Rock Strength Determination Based on Rock Drillability Index and Drilling Specific Energy: Numerical Simulation Using Discrete Element Method

Abstract

In the present research, two real-time rock strength determination models based on the drilling parameters were studied. Firstly, a discrete element software named Particle Flow Code in 2 Dimensions (PFC2D) was used to analyze the applicability of rock drillability index and drilling specific energy, in which graded particle assemblies were created to simulate the rock behaviour. In the numerical models, Weibull distribution was used to randomize the bonds between particles and make the assembled rock model with different heterogeneity. The drilling process of a PDC (polycrystalline diamond compact) cutter was modelled in two steps: horizontal linear rock cutting and vertical pressing-in progress. From the horizontal linear rock cutting process, the peak cutting forces were obtained and vertical pressing-in process outputs the relationship between normal force and cutting depth.

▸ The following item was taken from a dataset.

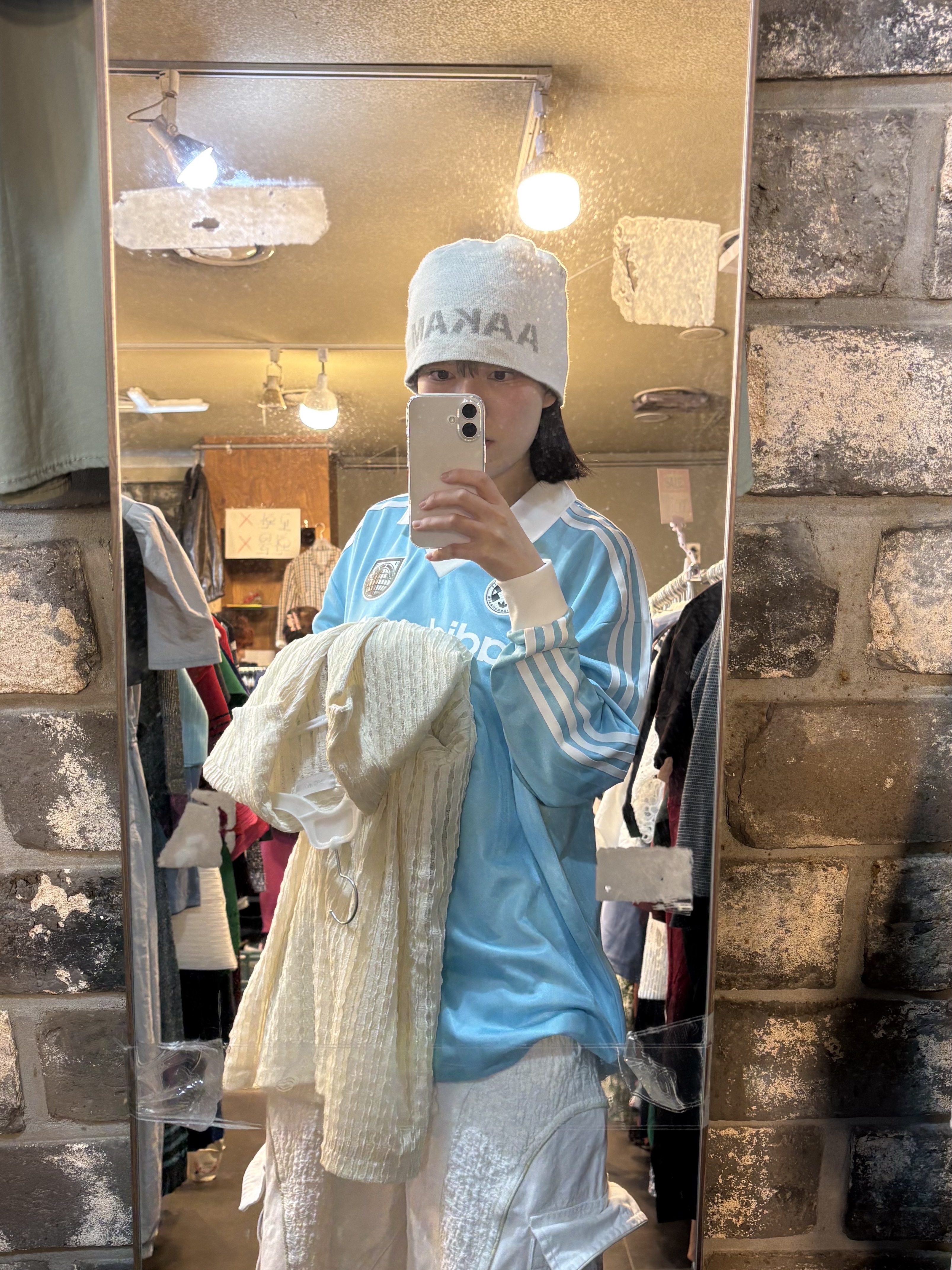 (W) Adidas Football Long Sleeve T-Shirt Light Aqua - KR Sizing 착용 스타일 - 1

Subsequently, the methods for calculating rock drillability index and drilling specific energy were proposed in the discrete element model. Then, the relationship between the calculated indexes and rock strength was investigated (supported with the regression analysis). Moreover, the effect of rock heterogeneity, along with error comparison between the above two indexes, were discussed. The results showed that the rock drillability index is more accurate than drilling specific energy in rock strength assessment (The error is about 10% smaller).